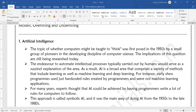Still today we are implementing this question or this idea, and it is still under development. The endeavor to automate intelligent processes typically carried out by humans would serve as a sufficient explanation of AI. As a result, AI is a broad area that encompasses a variety of methods including machine learning and deep learning. For instance, earlier chess programs used just hard-coded rules created by programmers and were not machine learning applications.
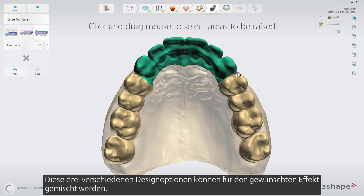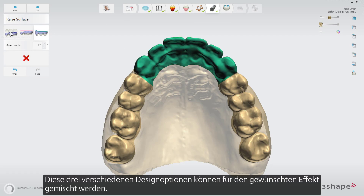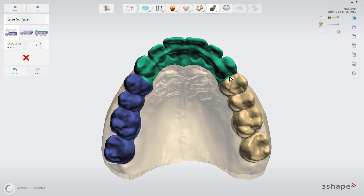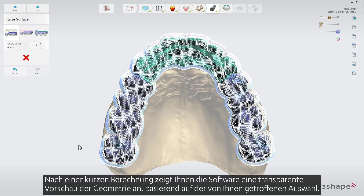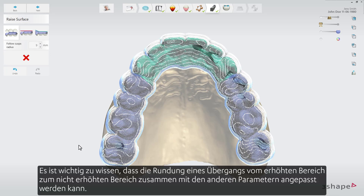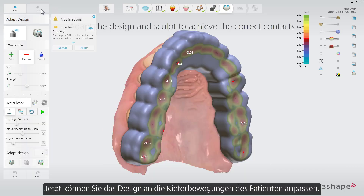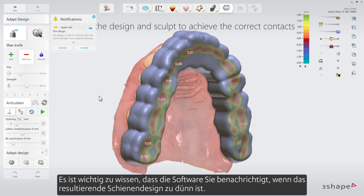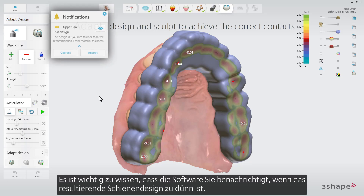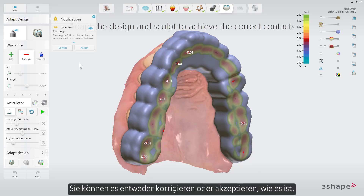These three different raise methods can be mixed for the exact desired effect. After a short calculation, the software will present a transparent preview of the geometry based on the selection you've made. The rounding of a transition from the raised area to the non-raised area can be adjusted along with the other parameters. Now you are ready to adapt the design based on the excursions of the patient's jaw. It's worth knowing that the software will notify you if the resulting splint design is too thin — you can either correct it or accept it as is.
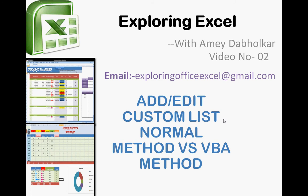Hey welcome back, I'm from Exploring Excel, myself Amiya Daburkar. You can email me at exploringofficexl at gmail.com. This is video number two: add or edit custom list, normal method versus VBA method.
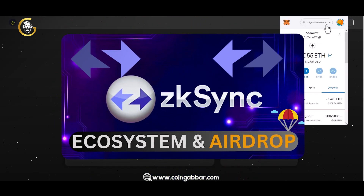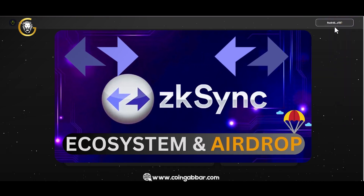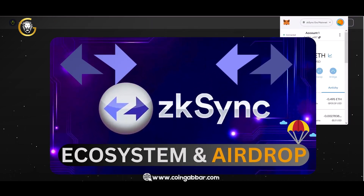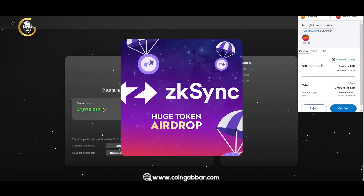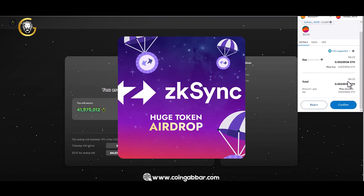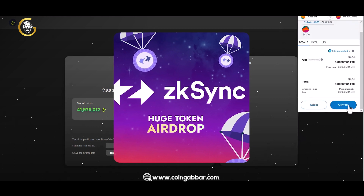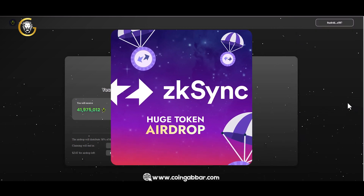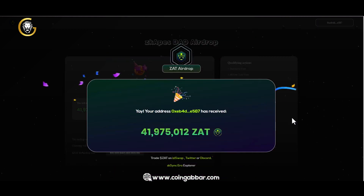we will discuss the project's foundation on ZK-Sync, a layer-2 scaling solution for Ethereum. The goal of ZK-Sync is to address Ethereum's scalability issues by enabling faster and more cost-effective transactions while maintaining the security and decentralization of the blockchain.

* Task instructions
In the data, the line that contains "These three different" begins the part to write out; restate it and each line after it word for word through the end, with no pictures.

* Result of the task
These three different raise methods can be mixed for the exact desired effect. After a short calculation, the software will present a transparent preview of the geometry based on the selection you've made. The rounding of a transition from the raised area to the non-raised area can be adjusted along with the other parameters. Now you are ready to adapt the design based on the excursions of the patient's jaw. It's worth knowing that the software will notify you if the resulting splint design is too thin — you can either correct it or accept it as is.
Hey welcome back, I'm from Exploring Excel, myself Amiya Daburkar. You can email me at exploringofficexl at gmail.com. This is video number two: add or edit custom list, normal method versus VBA method.
we will discuss the project's foundation on ZK-Sync, a layer-2 scaling solution for Ethereum. The goal of ZK-Sync is to address Ethereum's scalability issues by enabling faster and more cost-effective transactions while maintaining the security and decentralization of the blockchain.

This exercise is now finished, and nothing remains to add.